Tuesday, December 04, 2007

Oh, Goody

And here I thought it was just the fundamentalist fringe in Colorado pushing the fertilized-egg-as-full-person legislation. No. No, no, no. Five other states (Georgia, Montana, Oregon, Mississippi, Michigan) are considering similar ballot measures to give two-day-old, non-implanted fertilized eggs the same legal standing as you and me. More importantly to the walking incubators housing them, the two-four-eight-sixteen-cell clusters would have legal standing trumping the autonomous personhoods of the living, breathing women housing them.
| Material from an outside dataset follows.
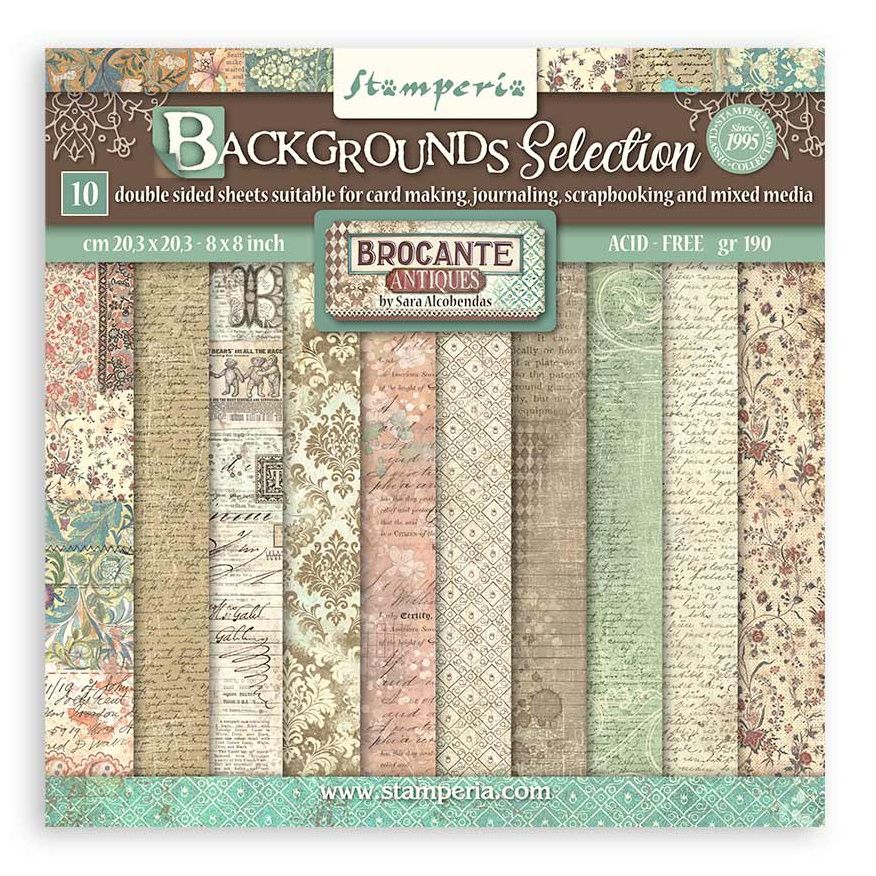 Stamperia Brocante Antiques Backgrounds Selection 8X8 Pad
Not surprisingly, the host of murky legal ramifications are being dismissed with a sniff by the pro-blastocyst contingent.
Any contraceptive that interfered with the ability of a fertilized egg to implant in the womb could be considered person-destroying and banned, reproductive rights groups suggested. Examples include intrauterine devices and birth-control pills, which may affect implantation in some cases.

Also, the entire enterprise of in-vitro fertilization — which involves creating embryos in laboratories for couples trying to conceive — could be brought to a halt if these embryos were deemed to be persons with legal rights, others suggest.

In Colorado, Kristi Burton, the driving force behind the proposed “personhood” initiative, shrugs off questions about these potential impacts, calling them “pretty much scare tactics.” Referring to critics of her initiative, she says that “they realize this issue is simple and they don’t have an answer for it. They cannot say when this (embryo) becomes a person. We do.”

Hmmm. The cautions sounded by reasonable people following the proposed legislation to its logical conclusion are being pooh-poohed as "scare tactics" designed to discourage support for the referendum. Where have I heard that before? Ah, yes, I heard it in the runup to the 2006 ballot measures intended to ban same-sex marriage. When the reality-based community pointed out that the proposed constitutional amendments would prevent state, county, and municipal governments and institutions from extending healthcare benefits to the domestic partners of their employees (and any children in those relationships not legally related to the employees), the conservatives accused them of engaging in, yes, scare tactics to erode support for the anti-gay amendments. It's just about the sanctity of marriage, they tutted, and nothing else.

Except that it wasn't.

Shortly after the amendments passed, conservative groups filed lawsuits forcing states to rescind benefits to the domestic partners of state employees. The ink was barely dry on the freaking paper. Well, they said, after looking at it a little closer the new law really doesn't leave us any choice but to bring these suits. Who knew? Sorry.

And they expect us to believe that this will be any different? Learn to love condoms, y'all, since that's just about all you'll have left. Until, that is, sperm and unfertilized eggs are declared full persons too, which will put condoms squarely in dutch with the First Amendment's right to free association.